Prince Frederic III, Elector of Saxony, always offered protection to Luther against the Pope’s terrible sentences (he was banned as an outlaw) and also the attacks of Emperor Charles the Fifth.

His protection of Luther

Luther in the Wartburg
Luther in the Wartburg © S.H.P.F.

Frederic III, also known as Frederic the Wise, was the son of Ernest, Elector of Saxony and Elisabeth of Bavaria. He was born in Torgau in 1463 and succeeded his father as Duke of Saxony and Elector of the Holy Roman Empire in 1486.

In 1502, he founded the University of Wittenberg; Luther and Melanchthon both studied and later taught theology there.

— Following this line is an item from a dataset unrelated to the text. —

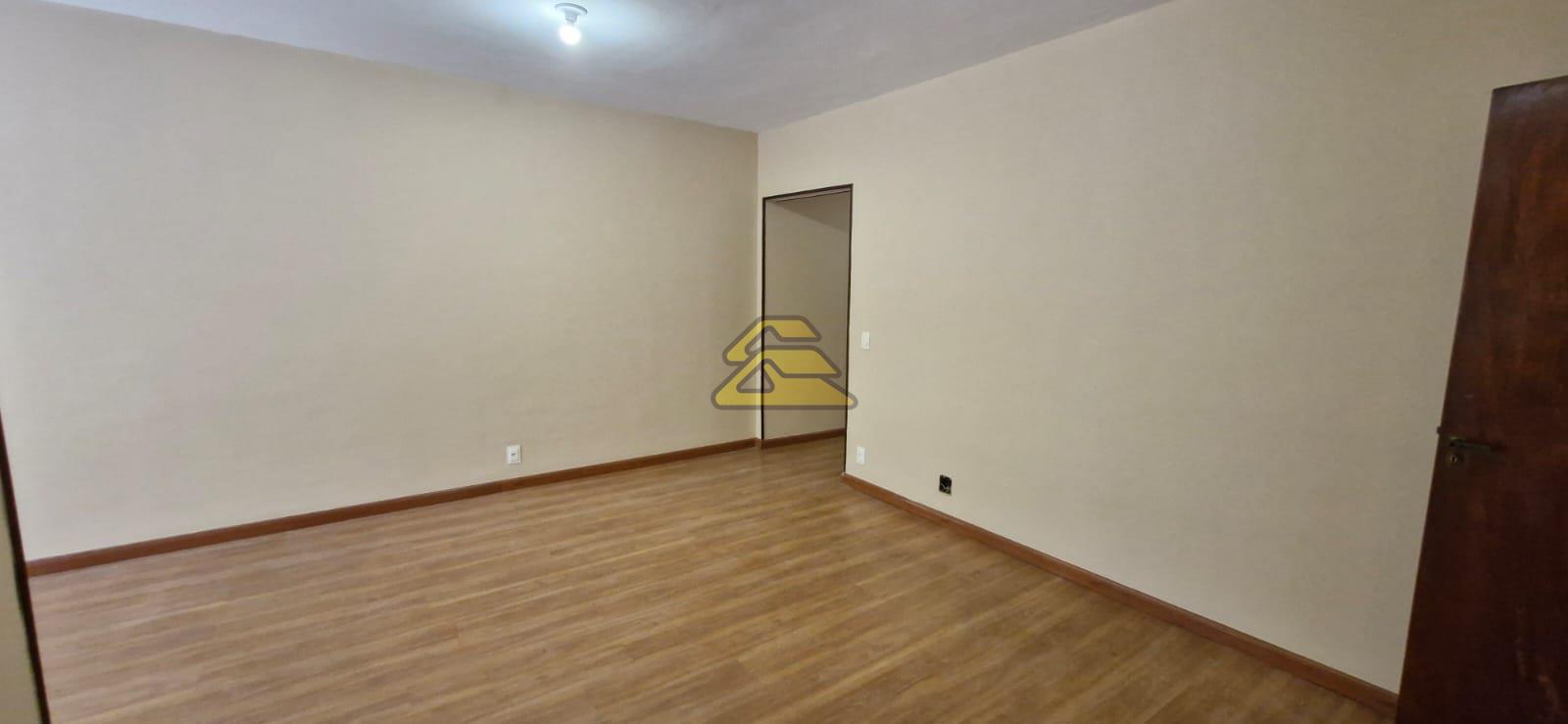 Apartamento à venda com 3 quartos, 140m² - Foto 6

Frederic the Wise played an important role when the empire was choosing a successor to Maximilian I after his death in 1519; in fact he had himself been the Pope’s candidate for the imperial throne. However, to prevent the possible success of Francis I of France, he sup-ported the election of Charles of Spain, later to become Charles the Fifth. Frederic the Wise obtained concessions from the future emperor for the German princes, who were given more responsibility in their own jurisdictions as well as in the empire itself.

Frederic the Wise defended Luther against the Pope and the Emperor Charles the Fifth. After the Diet of Worms, where Luther had to appear in 1521, he had him abducted in order to be able to keep him in the security of his castle in Wartburg.

Frederic the Wise was the first imperial prince to become protestant. He died in 1525.